Let's explore the dissimilarities between shielded and unshielded industrial cables:
Shielding: Shielded cables have an additional layer of shielding material, such as aluminum foil or copper braid, which helps protect the cable from electromagnetic interference (EMI) caused by nearby electrical equipment. Unshielded cables do not have this additional layer of shielding.
Types of Shielding
- Metallic Braid Shields – Bare copper, tinned copper, silvered copper, nickel-plated copper
- Foil Shields – Aluminum/Mylar
- Tape Shields – Copper, aluminum, bronze
- Spiral Shields - Bare copper, tinned copper, silvered copper
- Combination Shields – Usually a braid + foil
Cost: Shielded cables are generally more expensive than unshielded cables due to the additional materials and manufacturing processes required to create the shielding layer.
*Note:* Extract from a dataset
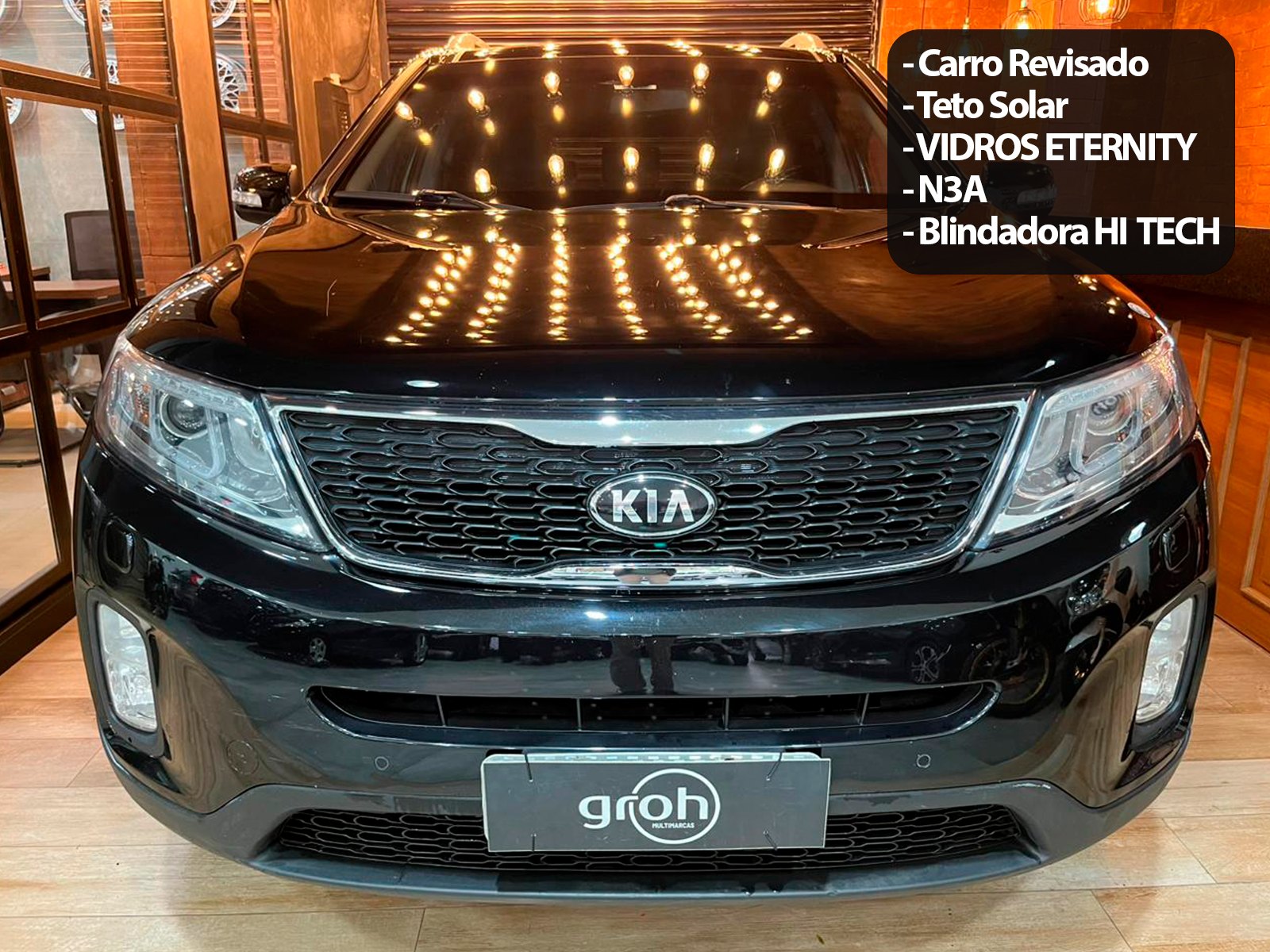 Kia Sorento Preto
Noise Reduction: Shielded cables can help reduce the amount of noise or interference in the signal being transmitted, improving signal quality and reliability. Unshielded cables are more susceptible to interference, which can cause signal distortion or even complete signal loss.
Flexibility: Unshielded cables are usually more flexible than shielded cables, making them easier to install and maneuver in tight spaces.
Durability: Shielded cables are generally more durable and resistant to damage from external factors such as moisture, temperature, and abrasion. Unshielded cables may be more susceptible to damage from these factors.
The choice between shielded and unshielded industrial cables will depend on the specific requirements of the application. In general, shielded cables may be more suitable for applications where signal quality and reliability are critical, and where there is a high risk of electromagnetic interference. Unshielded cables may be more suitable for applications where flexibility and cost are more important considerations.